I. Dismissal for Failure to Follow This Court’s Orders and Local Rules A district court may dismiss a petitioner’s claims for failure to prosecute pursuant to Federal Rule of Civil Procedure 41(b) and the court’s inherent authority to manage its docket. Link v. Wabash R.R. Co., 370 U.S. 626 (1962);2 Coleman v. St. Lucie Cnty. Jail, 433 F. App’x 716, 718 (11th Cir. 2011) (citing Fed. R. Civ. P. 41(b) and Betty K Agencies, Ltd. v. M/V MONADA, 432 F.3d 1333, 1337 (11th Cir. 2005)). In particular, Rule 41(b) allows for the involuntary dismissal of a petitioner’s claims where he has failed to prosecute those claims, comply with the Federal Rules of Civil Procedure or local rules, or follow a court order. Fed. R. Civ. P. 41(b); see also Coleman, 433 F. App’x at 718; Sanders v. Barrett, No. 05-12660, 2005 WL 2640979, at *1 (11th Cir. Oct. 17, 2005) (citing Kilgo v. Ricks, 983 F.2d 189, 192 (11th Cir.
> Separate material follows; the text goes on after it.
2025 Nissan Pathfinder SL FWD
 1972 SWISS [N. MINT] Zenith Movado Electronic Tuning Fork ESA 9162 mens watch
1993)); cf. Local R. 41.1(b) (“[T]he assigned Judge may, after notice to counsel of record, sua sponte . . . dismiss any action for want of prosecution, with or without prejudice[,] . . . [based on] willful disobedience or neglect of any order of the Court.” (emphasis omitted)). Additionally, a district court’s “power to dismiss is an inherent aspect of its authority to enforce its orders and ensure prompt disposition of lawsuits.” Brown v. Tallahassee Police Dep’t, 205 F. App’x 802, 802 (11th Cir. 2006) (quoting Jones v. Graham, 709 F.2d 1457, 1458 (11th Cir. 1983)).

2 In Wabash, the Court held a trial court may dismiss an action for failure to prosecute “even without affording notice of its intention to do so.” 370 U.S. at 633. However, in this case, Aviles was notified of the consequences of failing to respond to this Court’s Orders and Local Rules. Docs. 8, 9, 17; Local R. 11.1. It is true dismissal with prejudice for failure to prosecute is a “sanction . . . to be utilized only in extreme situations” and requires a court to “(1) conclud[e] a clear record of delay or willful contempt exists; and (2) mak[e] an implicit or explicit finding that lesser sanctions would not suffice.” Thomas v. Montgomery Cnty. Bd. of Educ., 170 F. App’x 623, 625–26 (11th Cir.

2006) (quoting Morewitz v. West of Eng. Ship Owners Mut. Prot. & Indem.